Monday, September 14, 2015

Primrose Bay

Some quality new sandstone problems from Hamish Fraser near Cummingston:

Monday, August 17, 2015

Submerged Bouldering

Fancy bouldering underwater, floating up holds? Try 'The Ark' blocs at Loch Arklet, beside the Stronachlachlar boulders. Usually submerged, they emerge clean and smooth and rippled in late summer, when the thirsts of Glaswegians drain this feeder loch enough to reveal a pair of conjoined blocs. There are a few nice sit starts on perfect schist, with a tough wee roof on 'The Arklet'. Being 3 minutes from the road, they are a perfect summer's picnic venue, with often a breeze rippling the loch to keep the midges to the higher blocs in the bracken up at An Garadh.

Monday, August 10, 2015

Summer Bouldering on the Scottish coast

Escaping to the coast has been the only bouldering option in the summer heat, especially in a summer where the bracken seems to have gone Jurassic. The first video shows the excellent 'Wind Oyster' boulder problem on Gigha, and the second video is of the fine little Pinbain pinnacle at Girvan.

Good news for those new to bouldering in Scotland - the third edition of the guide is well under way and we hope to have it available by early 2016. These two new venues feature in it, amongst about 150 other venues.

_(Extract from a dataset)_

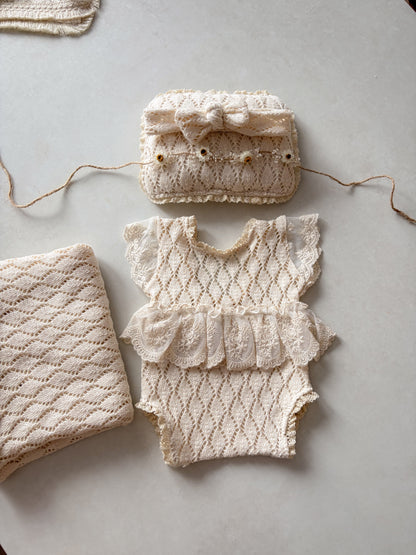 “Háčkované” šatičky Alma z kolekce Creamy Knots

It's almost impossible keeping up with all the localised developments and this will be the last gazetteer of Scottish bouldering before it goes entirely fractal and into area guides, so email me your venue information if you want it featured >>>

Sunday, April 26, 2015

Cochno Stones: Archaeology and Bouldering

High above the residential northern shores of the Clyde is a strip of sandstone geology outcropping all the way to Craigmaddie Muir in the east. It lies hidden under a mossy understorey mostly, and varies in consistency and quality, but was once the attention of neolithic archaeologists, until they had to bury what is one of Scotland's greatest rock-art sites.The 'Cochno Stone' was uncovered by the Rev James Harvey in 1887 on open land near what is now the Faifley housing estate. It is covered with dozens of cup and ring marks, grooved spirals, along with a ringed cross and a pair of four-toed feet. It was briefly a chalked-in tourist attraction until it was buried to prevent vandalism in 1964.

Rock-art these days is a kinaesthetic thing, recorded as bouldering on photo-video networks, rather than pecked out on rock plinths. I've always like the connection between the vibrant, fluid circles and lines inscribed on the rock and the modern tracery of bouldering; there is a long connection of being in the same place, despite the different physicalities, changed rituals and contexts. Bouldering is a ritual of uncovering climbing movement, moving on in stations to the next problem, a kind of sporting religion. Every climber knows the call, the Sunday bells of unclimbed rocks...

The Cochno Stones, as I call them, are nearby crags and blocs at Auchnacraig car-park which have seen the light after a rhododendron cull. Under their mossy garb are various gritstone-like problems complete with embedded river pebbles from an ancient flood. Drying out nicely and desperate for traffic, they sit at the entrance to Auchnacraig House by the car-park for the Faifley walks. Take a brush and go make some modern rock-art!